§ **WHAT NEEDS TO BE DONE**
Transcribe every line from the one containing "Nimbus, kitten, available for adoption" through the end of the records below, exactly, but not the pictures.
····················
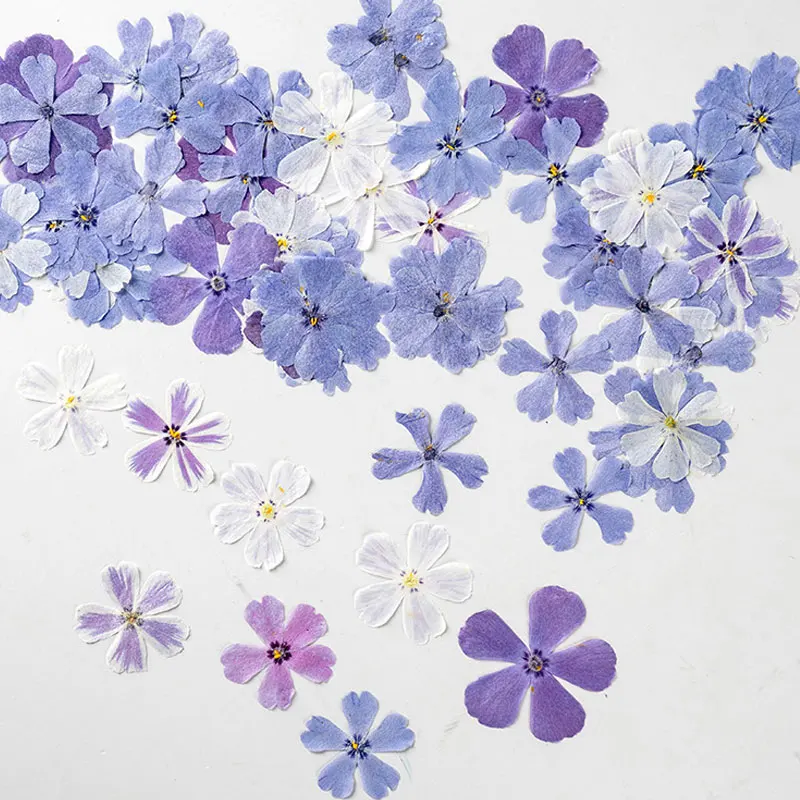 Сушеные цветы круглой формы для рукоделия бесплатная доставка 120 шт. | Дом и сад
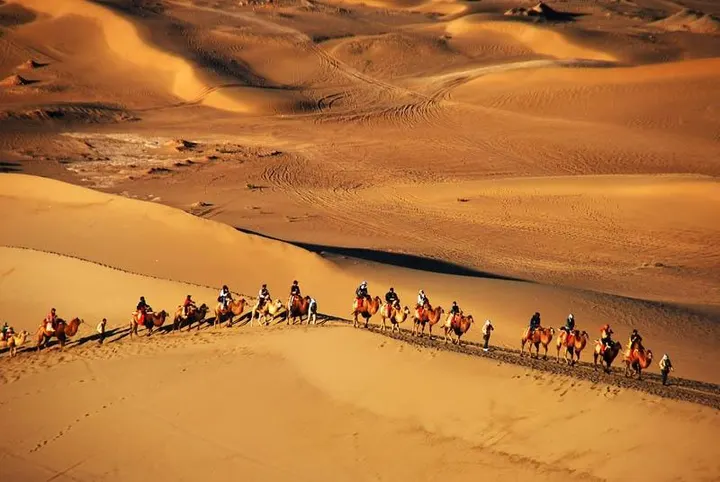 A camel train strung along a crest in the last of the light
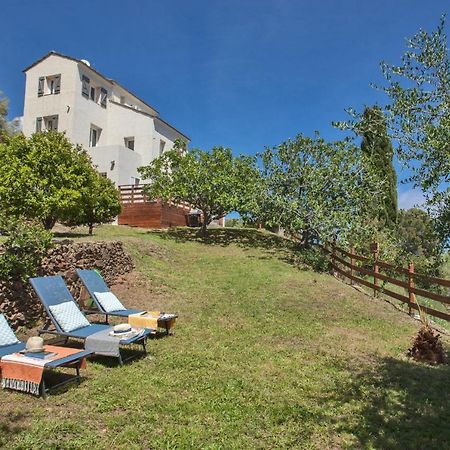 vita nova Santa-Maria-di-Lota Esterno foto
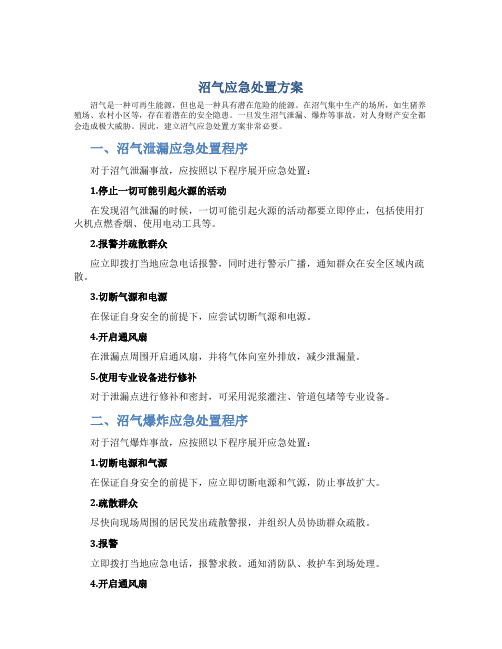 沼气应急处置方案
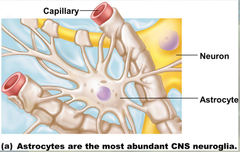 <p>Provide structural and metabolic support for neurons.</p><p>Form blood brain barrier</p>
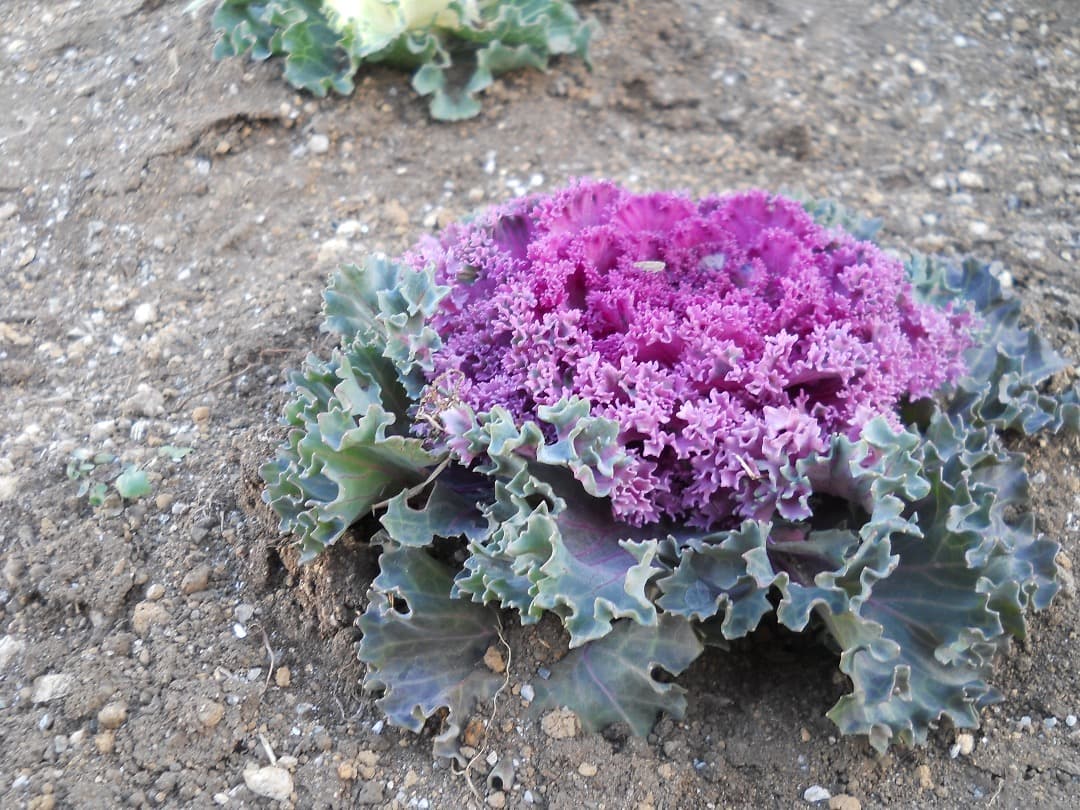 実写美⭕️【動作確認済】Nikon COOLPIX L21 デジカメ　ニコン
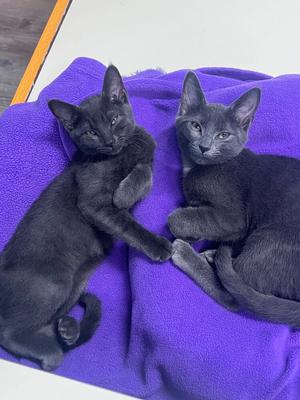Nimbus, kitten, available for adoption
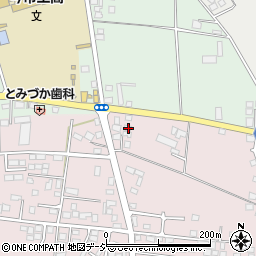栃木県日光市森友1509-118周辺の地図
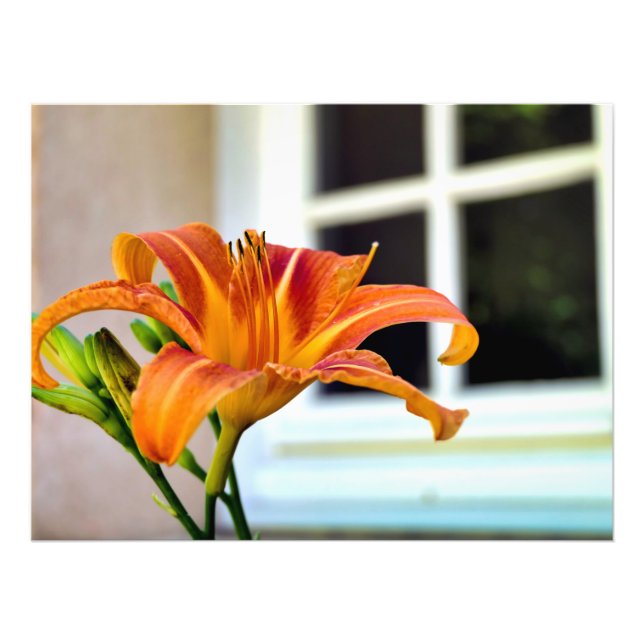 Orange Tiger Lily Fototryck (Framsidan)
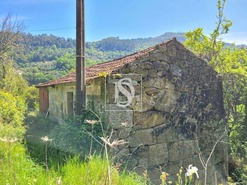 Ruina T1 - Cinfes, Cinfes, Viseu - Miniatura: 1/11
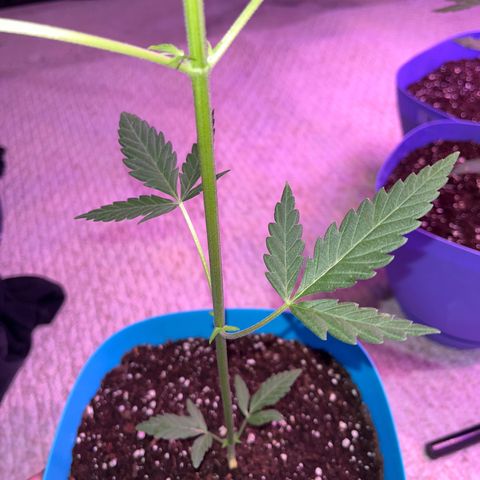 Dankota Fanning growlog timeline photo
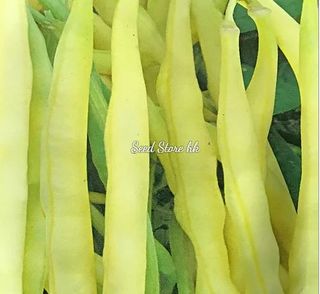 （分類：）位於 。 由 seedstorehk 提交（商品編號 1090424859，圖片 1）。簡介： 。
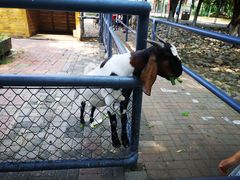 -长白岛森林公园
····················
§ **RESULT OF THE TASK**
Nimbus, kitten, available for adoption
栃木県日光市森友1509-118周辺の地図
 Orange Tiger Lily Fototryck (Framsidan)
 Ruina T1 - Cinfes, Cinfes, Viseu - Miniatura: 1/11
 Dankota Fanning growlog timeline photo
 （分類：）位於 。 由 seedstorehk 提交（商品編號 1090424859，圖片 1）。簡介： 。
 -长白岛森林公园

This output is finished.